List comprehension syntax for pool.startmap_async()

Looking at an example here:

https://www.machinelearningplus.com/python/parallel-processing-python/

There is a function definition which is to be parallelised:

# Step 1: Redefine, to accept `i`, the iteration number
def howmany_within_range2(i, row, minimum, maximum):
    """Returns how many numbers lie within `maximum` and `minimum` in a given `row`"""
    count = 0
    for n in row:
        if minimum <= n <= maximum:
            count = count + 1
    return (i, count)

The starmap_async example is give as below:

results = pool.starmap_async(howmany_within_range2, [(i, row, 4, 8) for i, row in enumerate(data)]).get()

I am a bit confused by this syntax here, particularly the "i" parameter and how this enumerate syntax works.

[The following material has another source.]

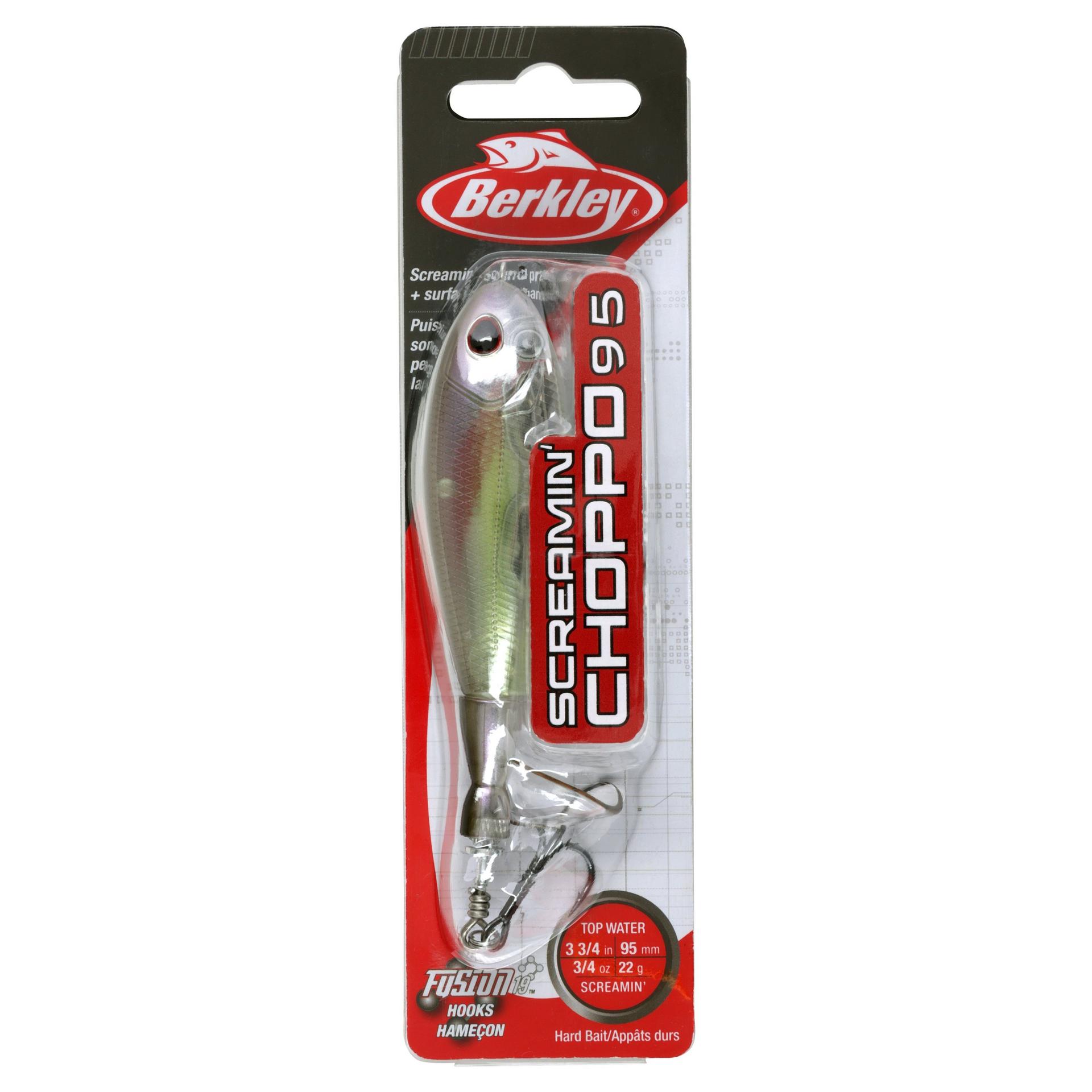 Screamin' Choppo| Berkley®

Also the apply_asyncy() example uses a pool.join() statement, but the map_async() statement doesn't use one?

Solution

Breaking this down a little,

data = [
    [1, 2, 3],
    [4, 5, 6],
    [7, 8, 9],
]

arguments = [(i, row, 4, 8) for i, row in enumerate(data)]

print(arguments)

outputs (formatted)

[
  (0, [1, 2, 3], 4, 8),
  (1, [4, 5, 6], 4, 8),
  (2, [7, 8, 9], 4, 8),
]

which are the tuples howmany_within_range2 will be executed with, i.e.

howmany_within_range2(0, [1, 2, 3], 4, 8)
howmany_within_range2(1, [4, 5, 6], 4, 8)
howmany_within_range2(2, [7, 8, 9], 4, 8)

but in parallel.

enumerate is used here to easily access the row index of the row in the data list; otherwise you'd just get a bunch of results without an easy way to associate them with the original data rows.